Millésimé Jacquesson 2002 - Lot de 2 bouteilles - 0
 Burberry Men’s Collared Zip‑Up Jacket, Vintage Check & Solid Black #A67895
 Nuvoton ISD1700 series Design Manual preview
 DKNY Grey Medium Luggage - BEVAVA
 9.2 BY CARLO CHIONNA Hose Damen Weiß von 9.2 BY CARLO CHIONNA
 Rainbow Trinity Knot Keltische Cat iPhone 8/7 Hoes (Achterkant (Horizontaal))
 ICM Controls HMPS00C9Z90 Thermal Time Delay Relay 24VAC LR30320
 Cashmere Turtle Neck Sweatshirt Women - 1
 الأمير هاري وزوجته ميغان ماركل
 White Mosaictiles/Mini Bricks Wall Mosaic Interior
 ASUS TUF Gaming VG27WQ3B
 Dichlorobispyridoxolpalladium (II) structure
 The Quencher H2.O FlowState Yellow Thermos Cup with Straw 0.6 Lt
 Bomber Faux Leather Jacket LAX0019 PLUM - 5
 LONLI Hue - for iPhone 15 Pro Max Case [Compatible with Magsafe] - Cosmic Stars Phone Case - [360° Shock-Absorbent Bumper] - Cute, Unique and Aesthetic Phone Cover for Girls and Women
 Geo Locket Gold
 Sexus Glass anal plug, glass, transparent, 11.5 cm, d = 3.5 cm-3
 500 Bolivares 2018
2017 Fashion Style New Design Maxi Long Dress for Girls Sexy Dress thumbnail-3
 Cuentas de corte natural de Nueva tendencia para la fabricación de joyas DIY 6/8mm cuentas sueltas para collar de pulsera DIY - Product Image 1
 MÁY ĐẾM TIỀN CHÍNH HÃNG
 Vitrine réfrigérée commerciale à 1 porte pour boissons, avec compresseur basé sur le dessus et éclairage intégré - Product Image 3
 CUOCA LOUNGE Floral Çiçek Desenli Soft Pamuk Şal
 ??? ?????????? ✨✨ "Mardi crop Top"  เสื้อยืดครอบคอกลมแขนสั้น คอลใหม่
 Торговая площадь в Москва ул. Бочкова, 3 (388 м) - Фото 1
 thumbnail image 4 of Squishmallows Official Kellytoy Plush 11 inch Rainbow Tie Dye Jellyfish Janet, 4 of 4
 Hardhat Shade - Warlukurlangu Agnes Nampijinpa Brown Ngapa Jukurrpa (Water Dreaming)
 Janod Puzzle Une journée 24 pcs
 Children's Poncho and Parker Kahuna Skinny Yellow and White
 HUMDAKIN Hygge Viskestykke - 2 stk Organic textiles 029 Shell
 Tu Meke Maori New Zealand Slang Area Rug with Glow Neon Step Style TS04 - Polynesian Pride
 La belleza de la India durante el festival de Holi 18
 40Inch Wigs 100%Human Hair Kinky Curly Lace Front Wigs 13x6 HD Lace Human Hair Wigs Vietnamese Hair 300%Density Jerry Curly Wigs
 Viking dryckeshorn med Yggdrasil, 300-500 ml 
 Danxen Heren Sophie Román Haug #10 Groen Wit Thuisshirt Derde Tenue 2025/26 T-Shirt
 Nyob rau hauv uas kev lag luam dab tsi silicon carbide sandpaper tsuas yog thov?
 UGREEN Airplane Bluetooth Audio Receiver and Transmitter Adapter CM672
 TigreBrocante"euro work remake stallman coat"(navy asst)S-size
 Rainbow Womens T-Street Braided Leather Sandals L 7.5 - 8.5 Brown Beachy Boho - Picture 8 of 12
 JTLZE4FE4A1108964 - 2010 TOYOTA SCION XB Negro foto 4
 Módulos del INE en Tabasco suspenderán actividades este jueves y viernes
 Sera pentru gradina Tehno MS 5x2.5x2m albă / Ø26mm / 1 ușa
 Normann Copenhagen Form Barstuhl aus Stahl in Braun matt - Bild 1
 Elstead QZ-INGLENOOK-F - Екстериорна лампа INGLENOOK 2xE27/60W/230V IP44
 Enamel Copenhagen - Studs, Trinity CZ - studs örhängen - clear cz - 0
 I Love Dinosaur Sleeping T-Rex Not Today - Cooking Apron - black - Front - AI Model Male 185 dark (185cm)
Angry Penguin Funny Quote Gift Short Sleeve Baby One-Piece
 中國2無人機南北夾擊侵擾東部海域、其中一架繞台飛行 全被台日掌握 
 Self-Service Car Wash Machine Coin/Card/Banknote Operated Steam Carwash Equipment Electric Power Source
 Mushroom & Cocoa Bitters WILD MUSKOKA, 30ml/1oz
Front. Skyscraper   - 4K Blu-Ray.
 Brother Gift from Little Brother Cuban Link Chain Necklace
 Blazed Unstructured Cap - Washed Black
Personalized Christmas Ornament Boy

+ + + +

Task instructions: Return every line of the material above exactly.

Written solution:
Millésimé Jacquesson 2002 - Lot de 2 bouteilles - 0
 Burberry Men’s Collared Zip‑Up Jacket, Vintage Check & Solid Black #A67895
 Nuvoton ISD1700 series Design Manual preview
 DKNY Grey Medium Luggage - BEVAVA
 9.2 BY CARLO CHIONNA Hose Damen Weiß von 9.2 BY CARLO CHIONNA
 Rainbow Trinity Knot Keltische Cat iPhone 8/7 Hoes (Achterkant (Horizontaal))
 ICM Controls HMPS00C9Z90 Thermal Time Delay Relay 24VAC LR30320
 Cashmere Turtle Neck Sweatshirt Women - 1
 الأمير هاري وزوجته ميغان ماركل
 White Mosaictiles/Mini Bricks Wall Mosaic Interior
 ASUS TUF Gaming VG27WQ3B
 Dichlorobispyridoxolpalladium (II) structure
 The Quencher H2.O FlowState Yellow Thermos Cup with Straw 0.6 Lt
 Bomber Faux Leather Jacket LAX0019 PLUM - 5
 LONLI Hue - for iPhone 15 Pro Max Case [Compatible with Magsafe] - Cosmic Stars Phone Case - [360° Shock-Absorbent Bumper] - Cute, Unique and Aesthetic Phone Cover for Girls and Women
 Geo Locket Gold
 Sexus Glass anal plug, glass, transparent, 11.5 cm, d = 3.5 cm-3
 500 Bolivares 2018
2017 Fashion Style New Design Maxi Long Dress for Girls Sexy Dress thumbnail-3
 Cuentas de corte natural de Nueva tendencia para la fabricación de joyas DIY 6/8mm cuentas sueltas para collar de pulsera DIY - Product Image 1
 MÁY ĐẾM TIỀN CHÍNH HÃNG
 Vitrine réfrigérée commerciale à 1 porte pour boissons, avec compresseur basé sur le dessus et éclairage intégré - Product Image 3
 CUOCA LOUNGE Floral Çiçek Desenli Soft Pamuk Şal
 ??? ?????????? ✨✨ "Mardi crop Top"  เสื้อยืดครอบคอกลมแขนสั้น คอลใหม่
 Торговая площадь в Москва ул. Бочкова, 3 (388 м) - Фото 1
 thumbnail image 4 of Squishmallows Official Kellytoy Plush 11 inch Rainbow Tie Dye Jellyfish Janet, 4 of 4
 Hardhat Shade - Warlukurlangu Agnes Nampijinpa Brown Ngapa Jukurrpa (Water Dreaming)
 Janod Puzzle Une journée 24 pcs
 Children's Poncho and Parker Kahuna Skinny Yellow and White
 HUMDAKIN Hygge Viskestykke - 2 stk Organic textiles 029 Shell
 Tu Meke Maori New Zealand Slang Area Rug with Glow Neon Step Style TS04 - Polynesian Pride
 La belleza de la India durante el festival de Holi 18
 40Inch Wigs 100%Human Hair Kinky Curly Lace Front Wigs 13x6 HD Lace Human Hair Wigs Vietnamese Hair 300%Density Jerry Curly Wigs
 Viking dryckeshorn med Yggdrasil, 300-500 ml 
 Danxen Heren Sophie Román Haug #10 Groen Wit Thuisshirt Derde Tenue 2025/26 T-Shirt
 Nyob rau hauv uas kev lag luam dab tsi silicon carbide sandpaper tsuas yog thov?
 UGREEN Airplane Bluetooth Audio Receiver and Transmitter Adapter CM672
 TigreBrocante"euro work remake stallman coat"(navy asst)S-size
 Rainbow Womens T-Street Braided Leather Sandals L 7.5 - 8.5 Brown Beachy Boho - Picture 8 of 12
 JTLZE4FE4A1108964 - 2010 TOYOTA SCION XB Negro foto 4
 Módulos del INE en Tabasco suspenderán actividades este jueves y viernes
 Sera pentru gradina Tehno MS 5x2.5x2m albă / Ø26mm / 1 ușa
 Normann Copenhagen Form Barstuhl aus Stahl in Braun matt - Bild 1
 Elstead QZ-INGLENOOK-F - Екстериорна лампа INGLENOOK 2xE27/60W/230V IP44
 Enamel Copenhagen - Studs, Trinity CZ - studs örhängen - clear cz - 0
 I Love Dinosaur Sleeping T-Rex Not Today - Cooking Apron - black - Front - AI Model Male 185 dark (185cm)
Angry Penguin Funny Quote Gift Short Sleeve Baby One-Piece
 中國2無人機南北夾擊侵擾東部海域、其中一架繞台飛行 全被台日掌握 
 Self-Service Car Wash Machine Coin/Card/Banknote Operated Steam Carwash Equipment Electric Power Source
 Mushroom & Cocoa Bitters WILD MUSKOKA, 30ml/1oz
Front. Skyscraper   - 4K Blu-Ray.
 Brother Gift from Little Brother Cuban Link Chain Necklace
 Blazed Unstructured Cap - Washed Black
Personalized Christmas Ornament Boy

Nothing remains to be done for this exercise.